> [DATASET EXCERPT]
+++
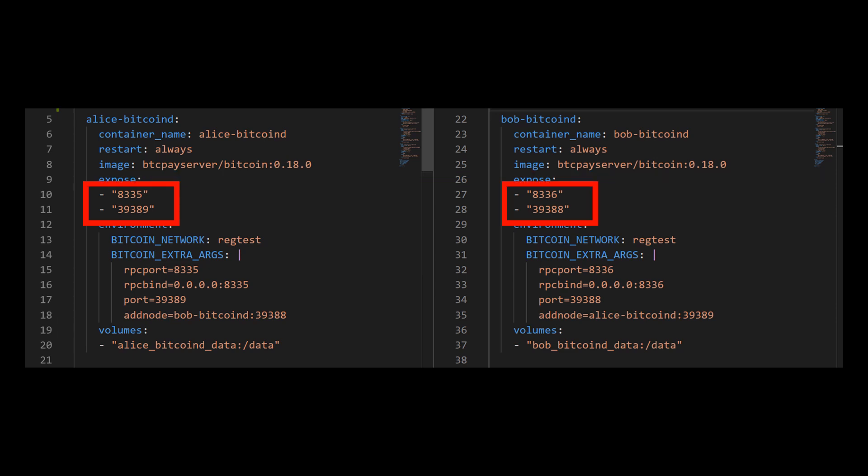Now I'm going to expose some ports. And I want to use different port numbers in each service, mostly to make it easier for me to identify those services later on. It will be easier for me, for example, whenever I see communication routed via port 8335, to know that it comes from the Alice RPC port. So this is why I'm going to make sure that my port number won't be reused in different services. And the port numbers that I will use are ports 39389 and 8335 for Alice, and ports 39388 and port 8336 for Bob.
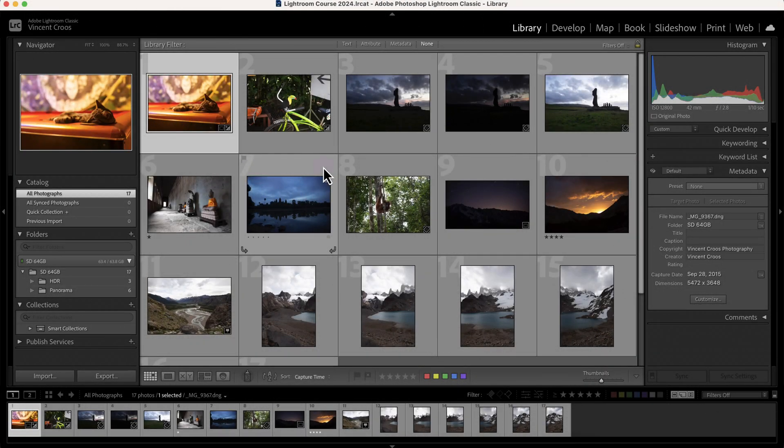Hey, what's up guys, this is Vincent, and in this Lightroom Classic tutorial I'm going to show you how to use collections. Before we start, we need to go over a few housekeeping items.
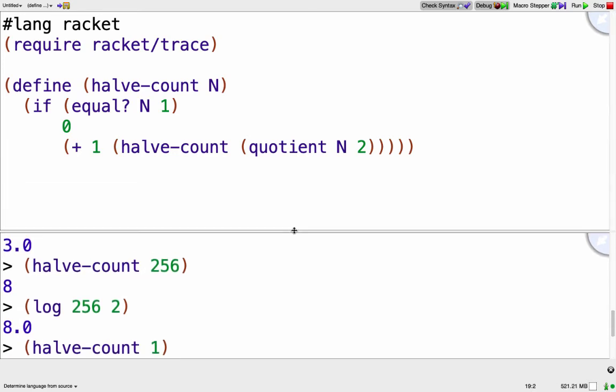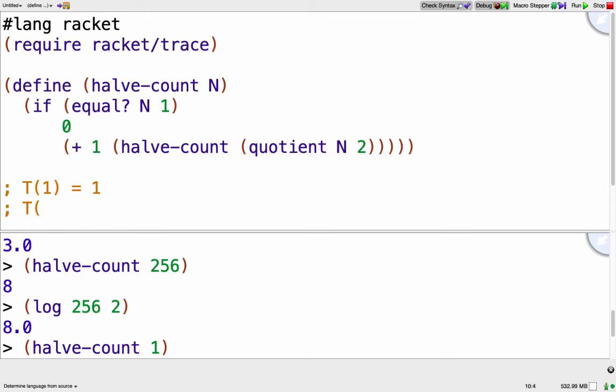Okay, so assuming you've written the recurrence relationship, I'll write it here. So T when the input is 1 is just going to take 1 step. And T when the input is n, so that's a recursive call with input of size n, that's going to take 1 step plus it's going to make a recursive call with n divided by 2 as the new input.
+++
> [ASSIGNED TASK]
Skip every picture, and give the rest of the material above again exactly.

> [REPLY TO THE EXERCISE]
Now I'm going to expose some ports. And I want to use different port numbers in each service, mostly to make it easier for me to identify those services later on. It will be easier for me, for example, whenever I see communication routed via port 8335, to know that it comes from the Alice RPC port. So this is why I'm going to make sure that my port number won't be reused in different services. And the port numbers that I will use are ports 39389 and 8335 for Alice, and ports 39388 and port 8336 for Bob.
Hey, what's up guys, this is Vincent, and in this Lightroom Classic tutorial I'm going to show you how to use collections. Before we start, we need to go over a few housekeeping items.
Okay, so assuming you've written the recurrence relationship, I'll write it here. So T when the input is 1 is just going to take 1 step. And T when the input is n, so that's a recursive call with input of size n, that's going to take 1 step plus it's going to make a recursive call with n divided by 2 as the new input.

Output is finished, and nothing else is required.